“For Myntra, mobile is not just another channel; it is a different business model altogether,” says Shamik Sharma, Myntra’s Chief Technology Officer. “How you get consumers, engage with them, retain them, customize their experience is totally different with this model,” he added.
From L-R: Nitin Bawankule, Industry Director, Google India; Anurag Gupta, Founder & MD, DGM; Arun Das, Regional Head, Enterprises, Tata Teleservices; Shamik Sharma, Chief Technology Officer, Myntra.
At a recently held Annual eTailing India Summit in New Delhi, Shamik Sharma was part of a panel discussion on ‘Mobility: Are Mobile Apps the Future of eCommerce?’. The panel discussed a variety of questions related to business strategies and consumer experience in the mobile space, as well as the hold of mobile within the e-commerce domain.
The other panel members included Nitin Bawankule, Industry Director, Google India and Arun Das, Regional Head, Enterprises, Tata Teleservices and the session was moderated by Anurag Gupta, Founder & MD, DGM.
The topic of the panel discussion has been subject to plenty of debate over the past few months. Some of the statistics shared at the discussion clearly show that India is predominantly on mobile commerce. Mobile internet usage in India is around 220mn in 2015, a number which is expected to jump to 562mn by 2017.
As Shamik mentioned during the discussion, for Myntra there wasn’t much of a debate. In June 2014, Myntra was barely getting any revenue from mobile. But with the increasing penetration of smart phones and internet usage on mobile, and a focused mobile strategy, 60 to 70 percent of Myntra’s revenue was coming from mobile by the end of December 2014. Seeing the incredible pace of growth a few months into 2015, the writing was on the wall – Myntra had to go mobile.
“You have to be where your consumers are,” said Shamik. He however drew attention to the fact that Myntra’s decision to go app only was taken because it made good sense to drive the business of fashion through it, within the e-commerce space. “If mobile browsers could give consumers an experience as rich as an application does, we would have been happy to remain on mobile web as well,” he said.

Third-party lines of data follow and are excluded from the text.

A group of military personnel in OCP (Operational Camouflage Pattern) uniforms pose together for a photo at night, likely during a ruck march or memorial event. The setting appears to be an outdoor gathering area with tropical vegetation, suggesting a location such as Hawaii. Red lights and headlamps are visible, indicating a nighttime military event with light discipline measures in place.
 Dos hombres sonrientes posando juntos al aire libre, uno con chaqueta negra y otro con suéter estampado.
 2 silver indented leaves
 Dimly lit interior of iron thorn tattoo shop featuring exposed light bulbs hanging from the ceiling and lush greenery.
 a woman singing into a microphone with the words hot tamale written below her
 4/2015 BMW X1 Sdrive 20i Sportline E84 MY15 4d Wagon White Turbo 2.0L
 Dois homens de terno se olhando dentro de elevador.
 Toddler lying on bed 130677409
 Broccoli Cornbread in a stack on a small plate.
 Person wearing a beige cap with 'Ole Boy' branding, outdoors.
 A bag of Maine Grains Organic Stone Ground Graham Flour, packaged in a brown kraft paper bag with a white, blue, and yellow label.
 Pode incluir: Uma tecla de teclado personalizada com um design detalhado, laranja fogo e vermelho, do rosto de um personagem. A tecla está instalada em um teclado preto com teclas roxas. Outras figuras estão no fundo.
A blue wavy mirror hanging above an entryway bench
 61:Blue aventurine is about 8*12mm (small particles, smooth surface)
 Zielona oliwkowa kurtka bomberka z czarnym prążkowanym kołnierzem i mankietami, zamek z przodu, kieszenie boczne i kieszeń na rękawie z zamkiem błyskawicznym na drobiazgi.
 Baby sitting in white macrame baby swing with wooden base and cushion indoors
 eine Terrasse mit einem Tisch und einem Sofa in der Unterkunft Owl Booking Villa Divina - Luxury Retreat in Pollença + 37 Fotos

Talking of consumer engagement for web vs. app, Nitin Bawankule described what he calls the “toothbrush test”. Depending upon the business model and the frequency with which a consumer uses a product or a service, businesses have to decide – if the app or web will deliver the best customer experience.
Some of the differentiators between the two interfaces are multi-touch options, storing and customizing of data, bookmarking consumer preferences, sending notifications and native capabilities of the phone such as GPS, gyroscope, camera etc. The mobile app experience in case of fashion comes across as a far richer and valuable one since it benefits from all these features.
Having the firm belief that the app would be the best way to go forward, Myntra did not want to divide its attention in developing both platforms. There were going to be no halfway measures on either platform. It just made perfect sense to invest fully in a business model where consumers are present.